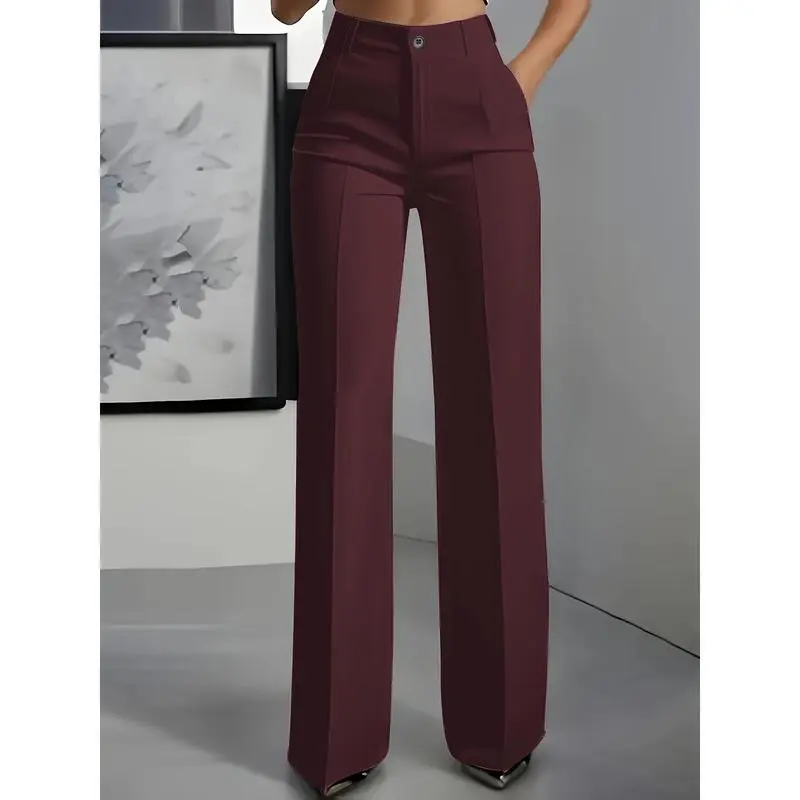 Women's Straight Leg Dress Pants for Work, Classic Business Trousers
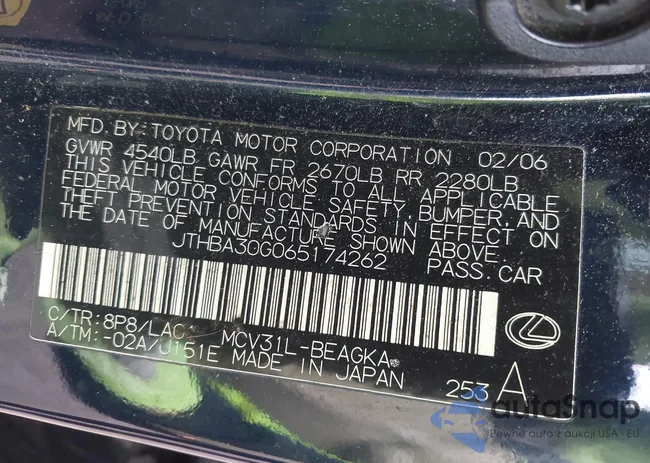 JTHBA30G065174262: 43827844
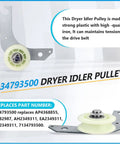 Electrolux Dryer Repair Kit with 134793500 Idler Pulley, strong plastic and iron, for compatible models, easy install, durable parts.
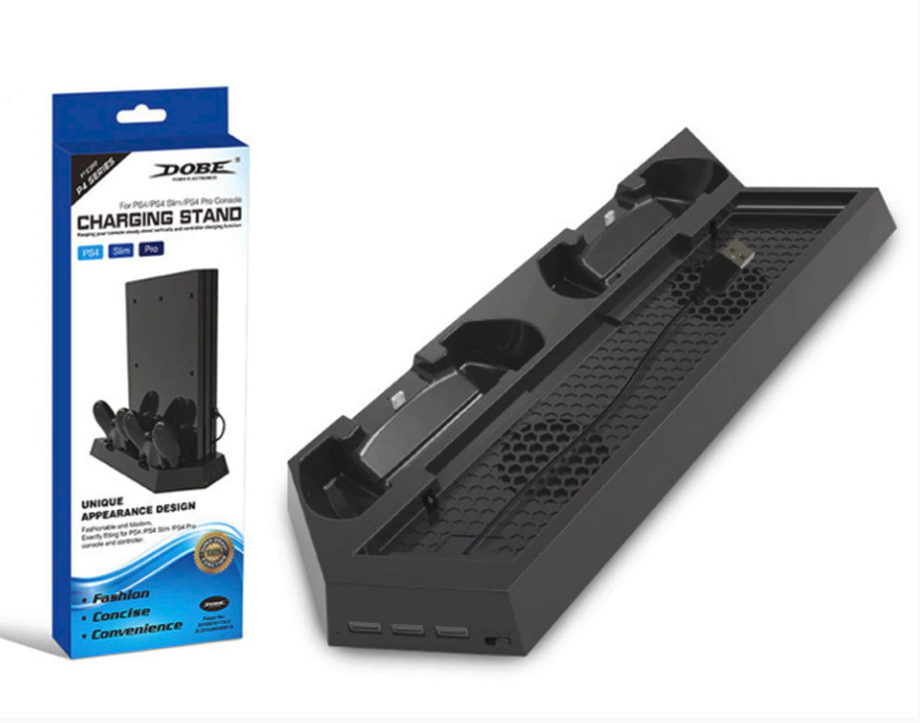 Double Station de Charge pour 2 Manettes PS4 avec Ventilateur de Refroidissement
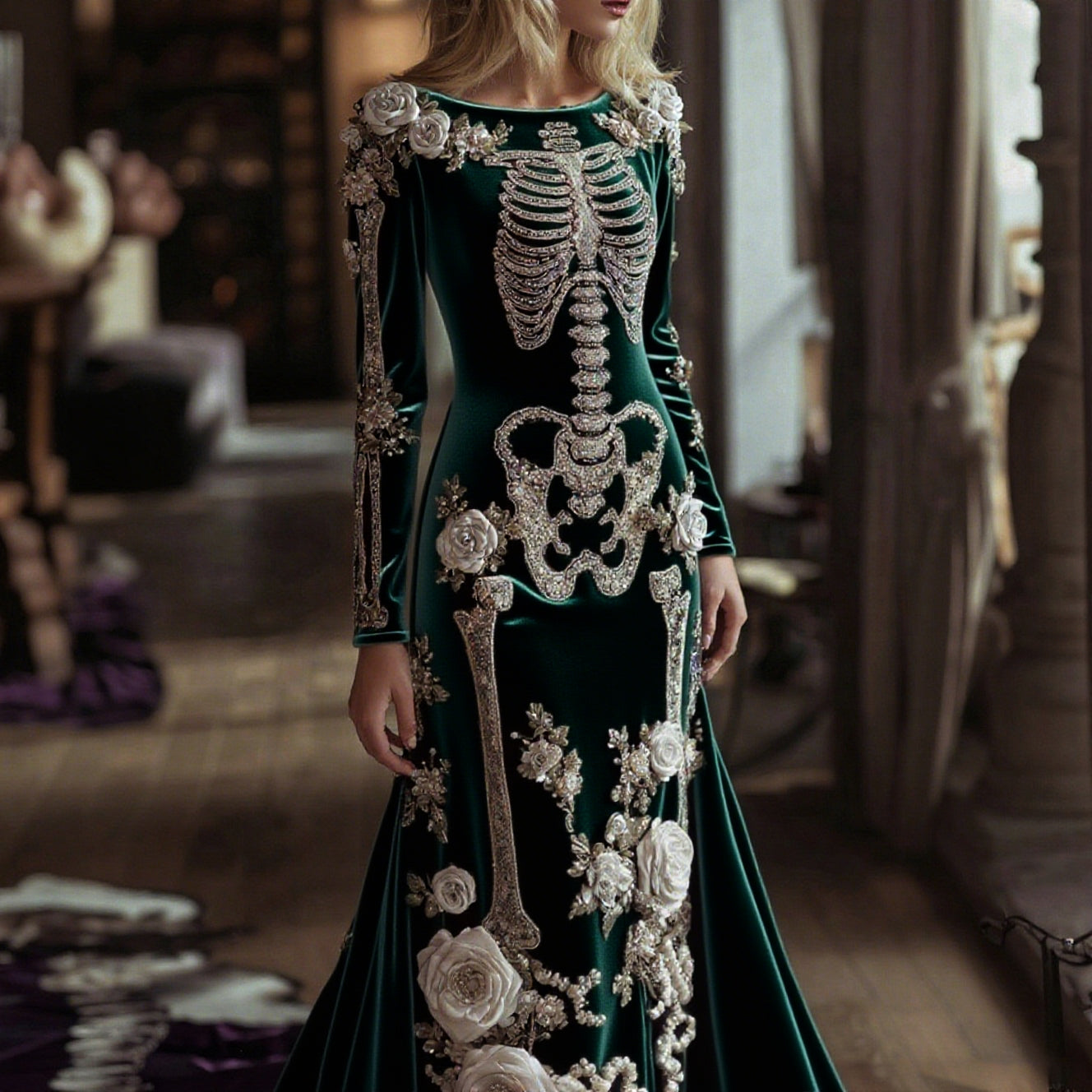 Women's Halloween Dark Gothic Rose Skeleton Velvet Round Neck Maxi Dress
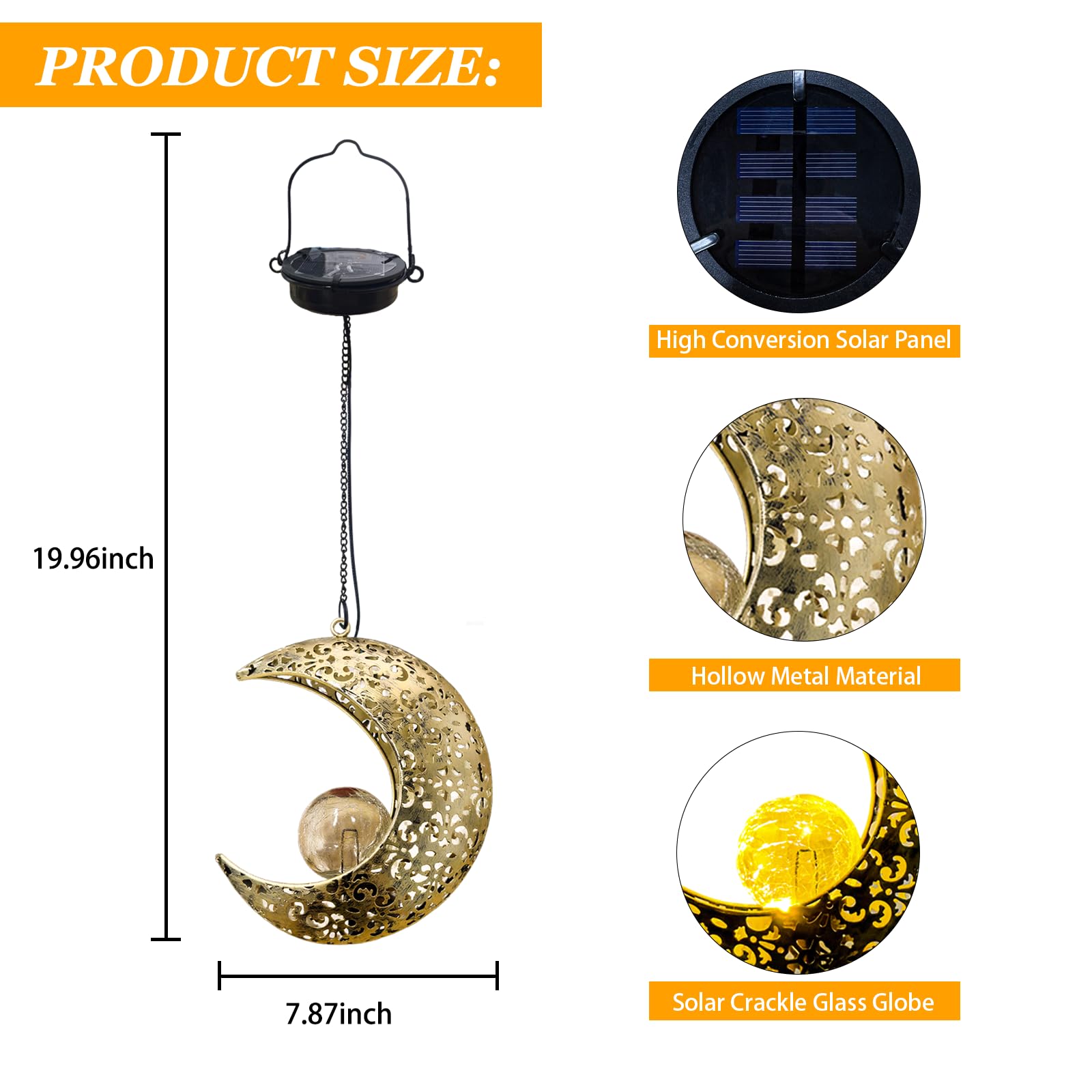 Qcf Solar Garden Hanging Moon Lights Outdoor Decor 2 Pack Metal Lanterns Art Decorations For Outside Yard Lawn Patio Wall Fences Driveway Trail Unique Housewarming Gardening Gifts For Women Mom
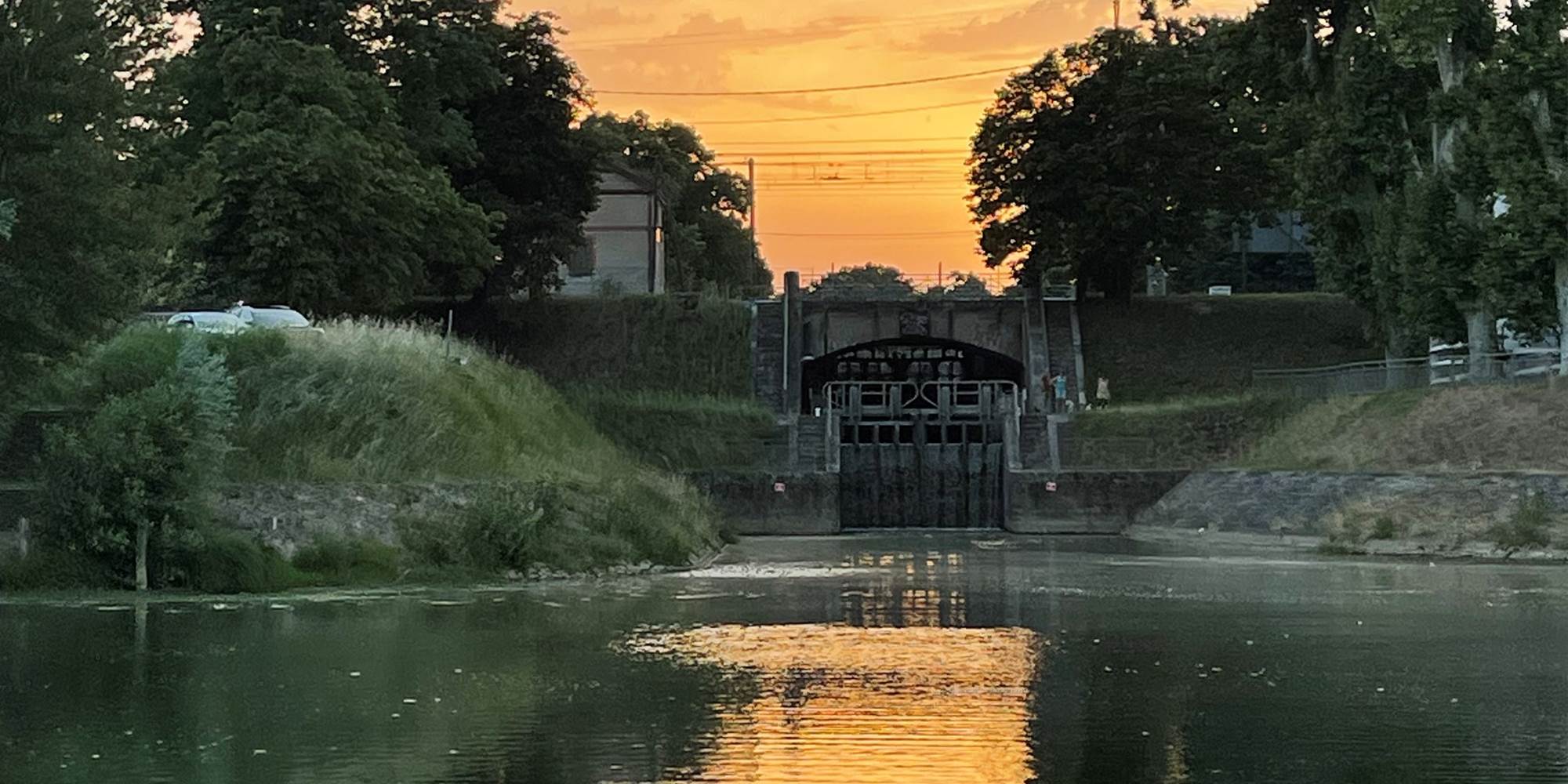 Coucher de soleil sur l'écluse du Tarn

------------------------------------------------------------------------

■ TASK DESCRIPTION:
Each line from the first line of the listing through the line with "Electrolux Dryer Repair" must be printed exactly, both ends included, and no picture may appear.

■ EXERCISE OUTPUT:
 Women's Straight Leg Dress Pants for Work, Classic Business Trousers
 JTHBA30G065174262: 43827844
 Electrolux Dryer Repair Kit with 134793500 Idler Pulley, strong plastic and iron, for compatible models, easy install, durable parts.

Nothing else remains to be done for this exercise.